Unelected body wins the day on how council spends your money!

The administration of Aberdeenshire Council (made up of SNP, Labour and the Progressive Independent Group) delayed setting the annual budget yesterday where savings of some £18 million have to be made, yet agreed to spend more money to help the Bord na Gaidhlig promote the Gaelic language in North East Scotland.

I am sure that it was not the intention of those who sealed the Gaelic Language Act 2005 – whatever political hue they were – to place additional financial burden on local authorities and other public bodies when the Act itself handed over not only the future of the language, but a handsome sum of some £5 million per annum in recent years, to a then new, unelected body – the Gaelic Board.
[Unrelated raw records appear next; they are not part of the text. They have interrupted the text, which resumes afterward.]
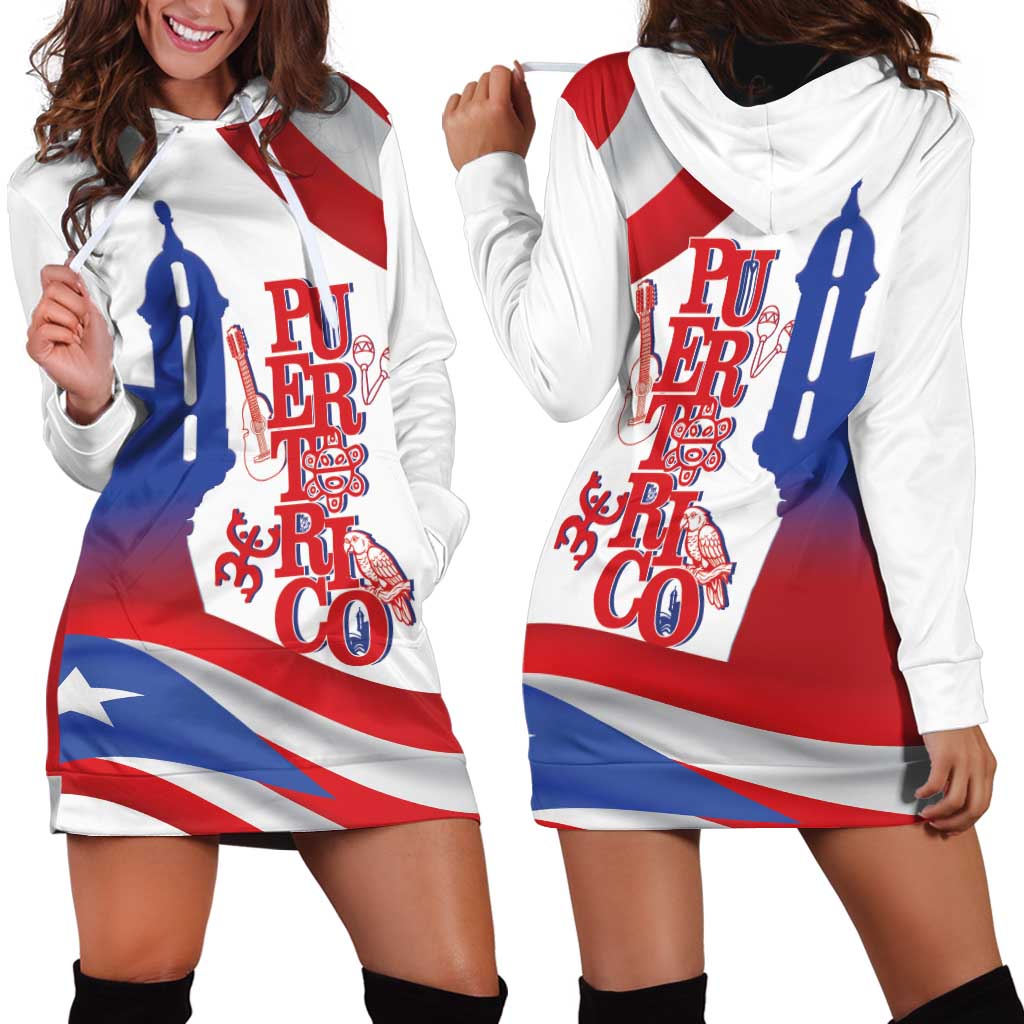 Puerto Rico Hoodie Dress Puerto Rican Proud El Morro Flag Wave Style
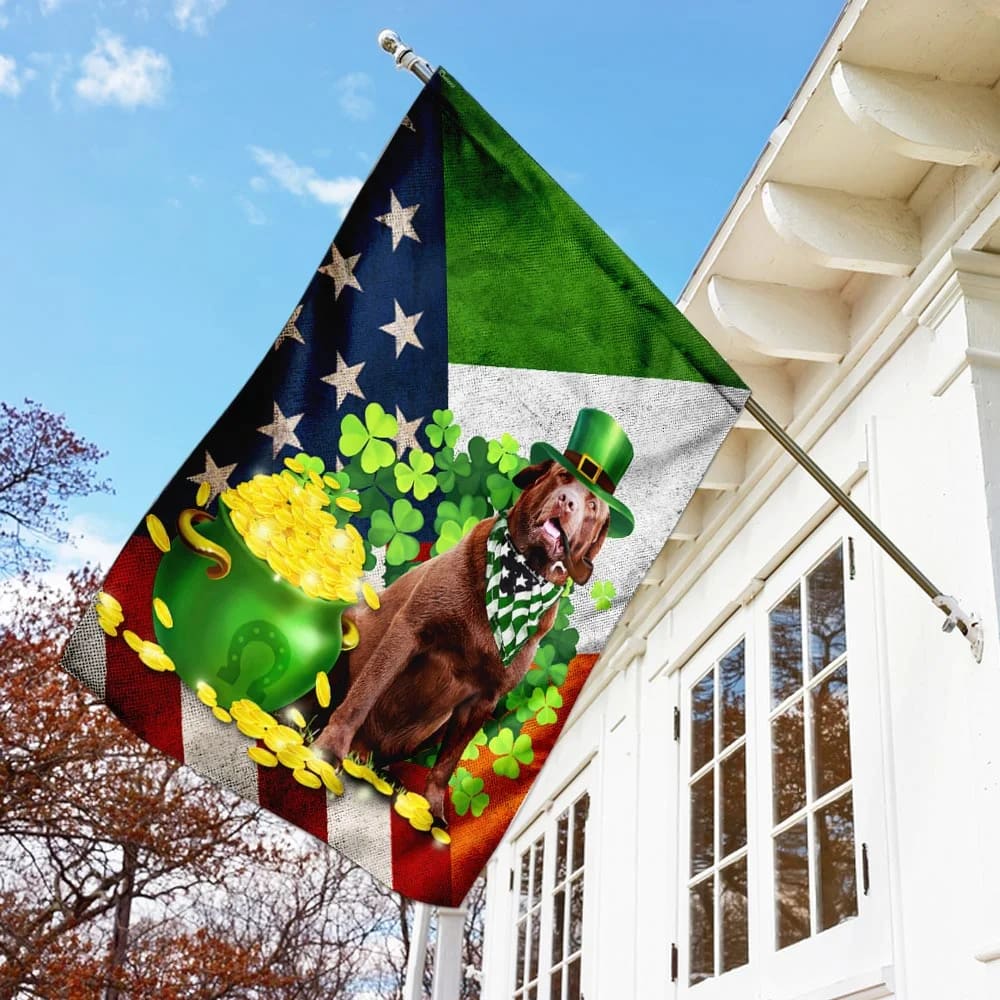 Chocolate Labrador Happy St. Patrick Day House Flag - St Patrick's Day Garden Flag - St. Patrick's Day Decorations
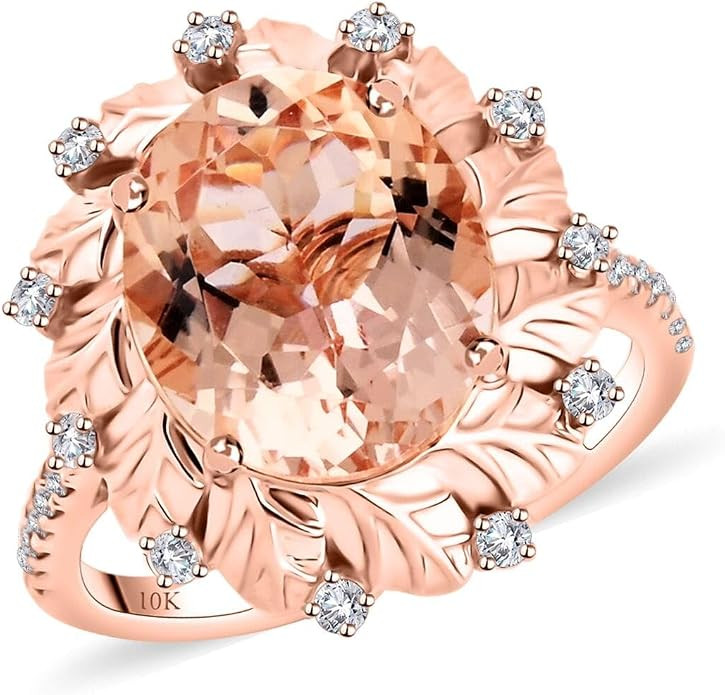 LUXORO AAA Morganite White Diamond 10K Rose Gold Flower Ring for Women Jewelry Ct 3.66 G-H Color ... | Amazon (US)
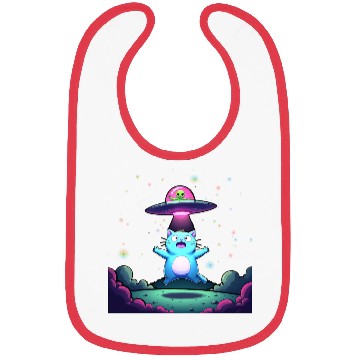 Discover Alien Cat Abduction Art Bibs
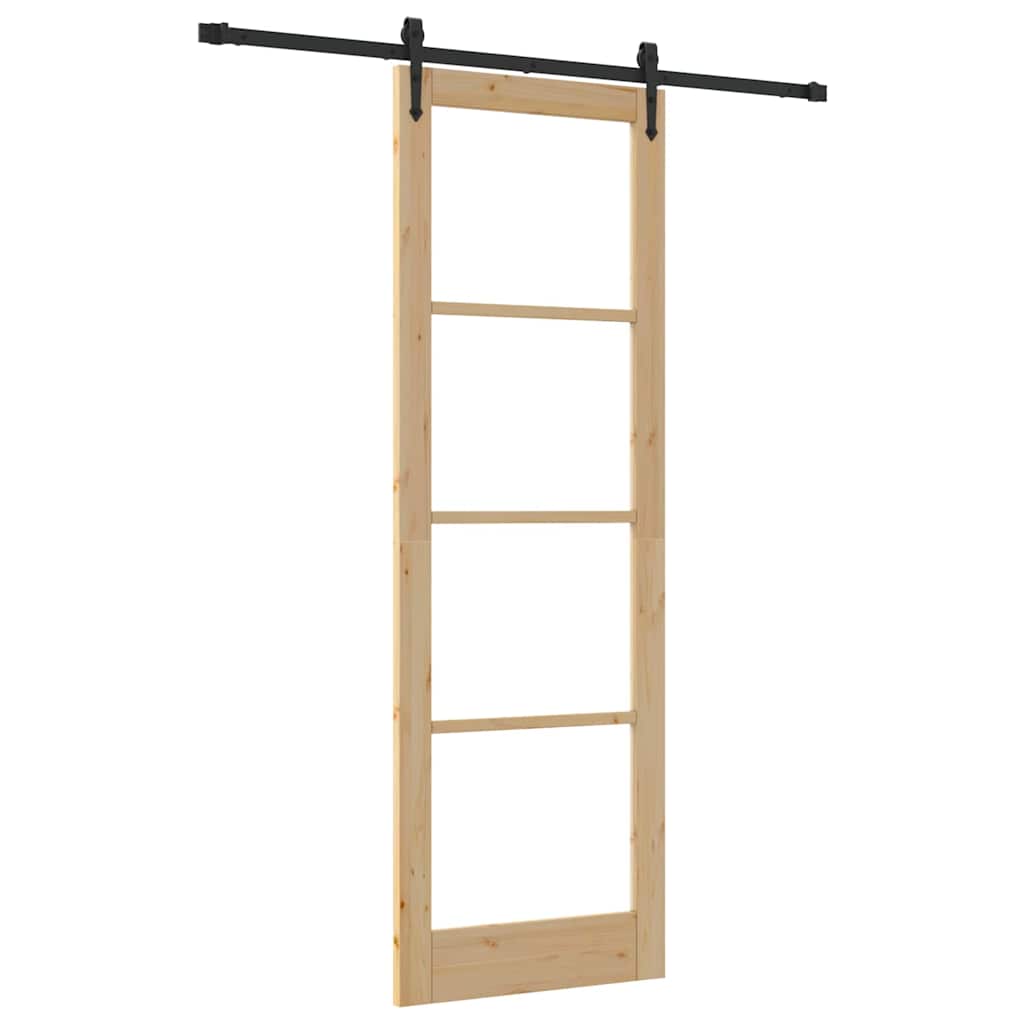 vidaXL Ολισθητή Πόρτα Καφέ 78 x 232 cm Ξύλο και μέταλλο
In September 2014, members of Policy & Resources Committee (P&R) were recommended to agree the content of the council’s draft Gaelic Language Plan and were told that the only areas where we had not met with the high level expectations was with respect to road signage and corporate identity (we had refused to change our logo and road signs to include Gaelic). The recommendations on this basis were agreed by P&R at that time.

In a report to P&R one year later, just this last September, we learned that the Gaelic Board were not content with our “balanced, well-measured plan that met the spirit of high level expectations and the Act” and suggested areas where we might want to reconsider. That committee report stated that 514 responses were gathered from a consultation but omitted to say that only 54 responses had been returned from residents, stakeholders and partner organisations. P&R narrowly agreed to conform to the Bord’s further demands hence the paper came up again in full council yesterday for all members to vote on – if the Bord na Gaidhlig had accepted our measured and proportionate response put forward in 2014 and had not threatened sanctions, our Gaelic Language Plan could have been in place.

Although I have written tongue-in-cheek about this subject here before, for me this was never about pitting Gaelic against Doric; we have a duty as parents and grandparents to keep local languages or dialects alive for the next generation; it is not the duty of cash-strapped councils.

Amidst claims of being disrespectful to Scottish history, we lost the vote.